Ken Bailey, associate professor of dairy markets and policy at Penn State University, joined Brown at the Wisconsin Cheese Industry Conference and he’s ready for change.

“There is growing frustration with the current (federal order) system. The time for change is here,” Bailey told an audience of about 150 cheese industry representatives.

Bailey suggested replacing milk price formulas with free market pricing based on good information. Milk buyers, like the meat industry, could submit to daily (blind) reporting of dairy product sales. This national sales information would be shared instantly, creating a benchmark for pricing dairy products and milk.

Cal Covington with Southeast Milk Inc., Belleview, Fla., told the conference that federal orders have failed to adapt to the unique marketing conditions in the Southeast.

“Long-term, we could live without federal orders in our part of the world,” Covington said. “Federal orders are a tool, and if they cannot be modified, we would make it without them.”

An attendee at the conference commented that this group of like-minded leaders made strange bedfellows. So be it. Federal orders are inept in a myriad of ways. In the Southeast, fluid milk is king, making up 85 percent of order sales. Population is increasing, but milk production is declining. Southeastern processors are concerned, Covington said, with balancing milk supplies with no balancing plants within 750 miles, handling seasonal variation in production, paying to transport milk long distances and hosting distant milk on their order.

After regional meetings to discuss dissolving two southeastern orders, “We got the attention of USDA,” Covington told the audience. USDA quickly called a hearing for this month (May 21), and area milk producers will testify in favor of higher Class I differentials, lower diversion limits and increased transportation credits.

Brown’s FAPRI model for eliminating federal orders finds that fluid milk sales increase, milk production drops slightly, cheese prices rise 3 to 5 cents per pound and butter increases 10 to 18 cents per pound in an unregulated market compared to the status quo.

Interestingly, the model predicts that Florida’s all-milk price would decline by about $1.20 while Wisconsin quickly recovers. After one year with a 5-cent loss, Wisconsin dairy farmers would see a 7-cent increase in the state’s all-milk price year after year. California also gains higher milk prices without federal milk marketing orders, according to Brown.

Eliminating federal orders would sweep away price formulas that force the cheese industry to produce commodity products, Jon Davis, vice president of Davisco Foods, told the audience. Davis lamented the high price of commodity dry whey embedded in the Class III milk price formula. Today, higher-value whey products such as whey protein isolate will not generate the dollars necessary to cover the Class III milk price.

“All the nutrition science, all the branding and marketing, all our investment in value-added whey products has to stop, because the government is telling processors to pay producers the dry whey price,” Davis said.

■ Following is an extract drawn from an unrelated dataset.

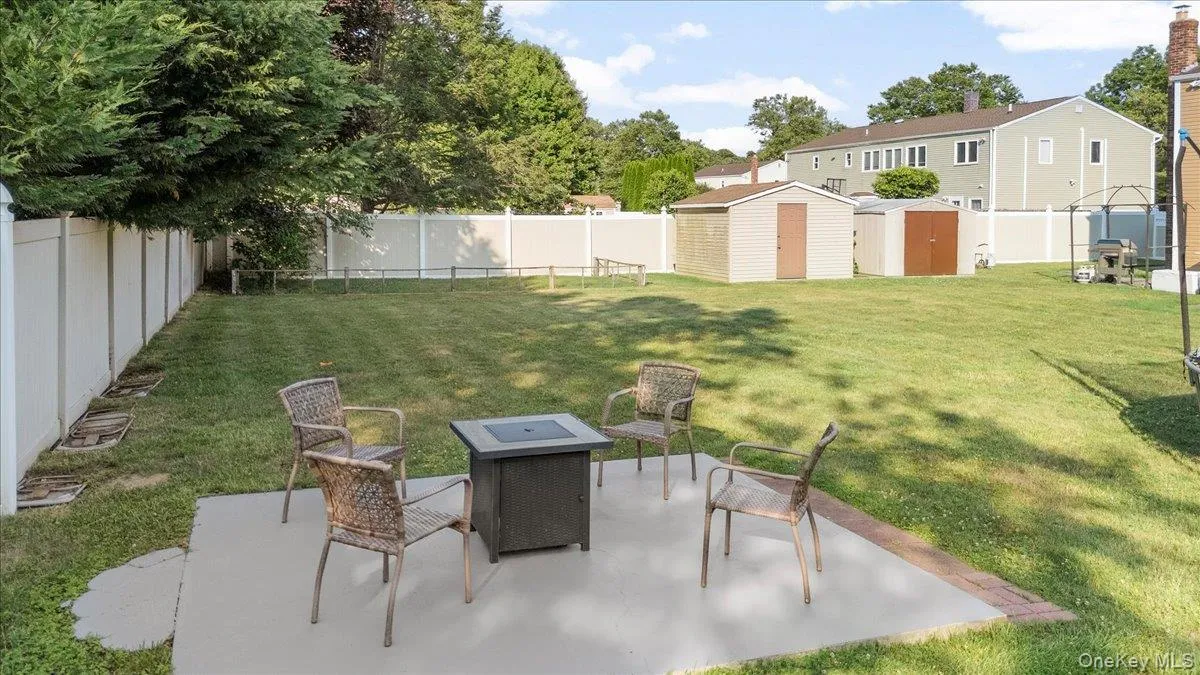 17 Nottingham Drive, Babylon, NY, 5 Bedrooms Bedrooms, 10 Rooms Rooms,2 BathroomsBathrooms,Residential,For Rent,Nottingham,0,1015779 17 Nottingham Drive, Babylon, NY, 5 Bedrooms Bedrooms, 10 Rooms Rooms,2 BathroomsBathrooms,Residential,For Rent,Nottingham,0,1015779
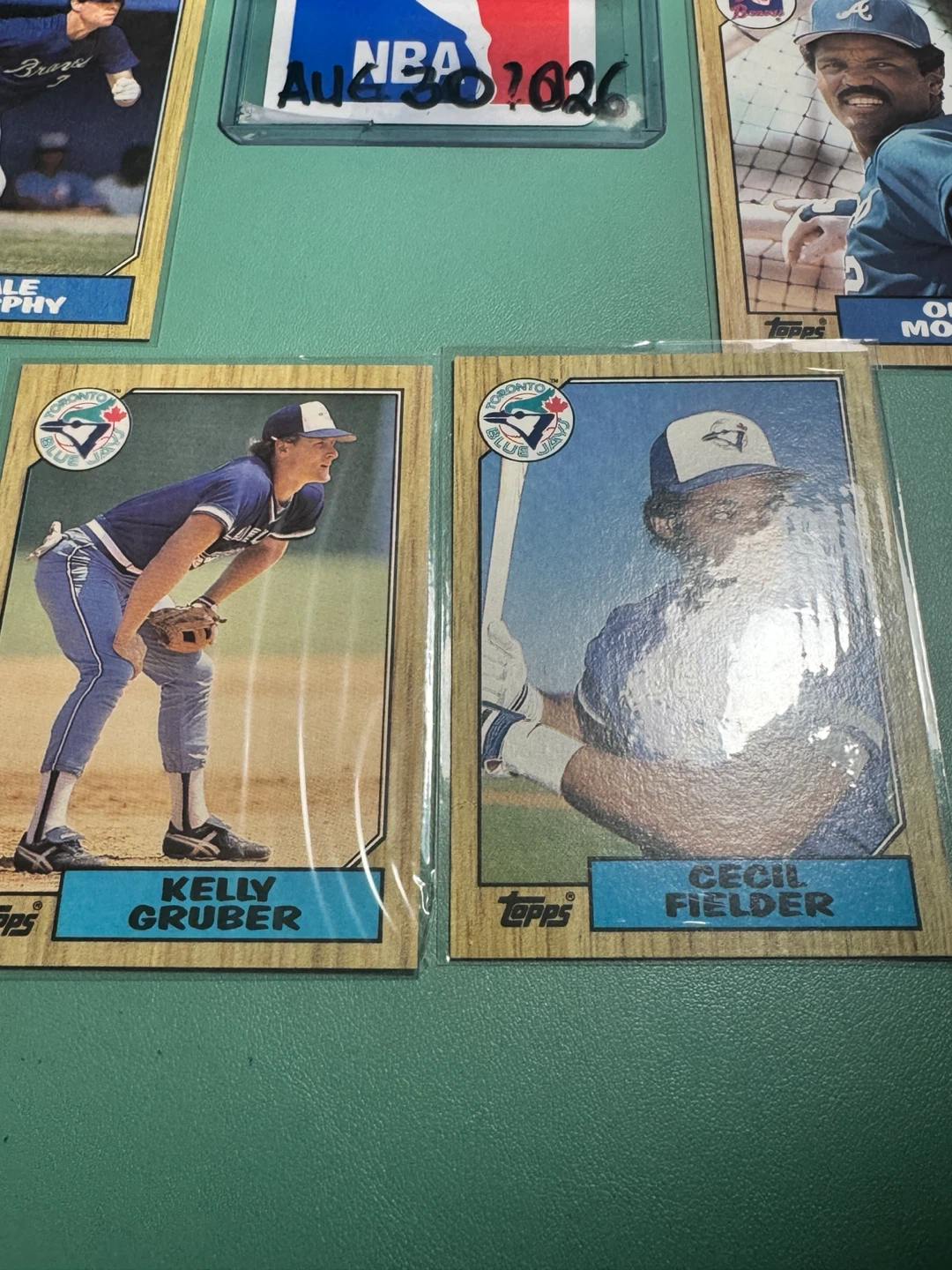 Vintage 1980s Topps MLB Baseball Card Collection - photo 5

Bob Wills, president of Cedar Grove Cheese in Plain, Wis., is no fan of federal orders and described to the audience a unique advantage of the free market.

“One benefit of the demise of the orders would be an improvement in cheese quality,” Wills said. Under the market order, he said, companies have no incentive to improve the quality or service of commodity cheese, especially Cheddar. Expenditures on quality that result in price premiums feed back through the NASS price survey and result in higher milk prices for Cheddar and all other dairy products. With fixed make allowances that do not distinguish quality, Wills said, the primary objective for cheesemakers is to lower prices by using the lowest cost ingredients and highest moisture to stretch the yields.

After orders, Wills said, “producers will be able to make great Cheddar cheeses” without the fear of lost margin.

It’s time to replace milk marketing orders with modern information/risk management tools and the free market.

CMN

The views expressed by CMN’s guest columnists are their own opinions and do not necessarily reflect those of Cheese Market News®.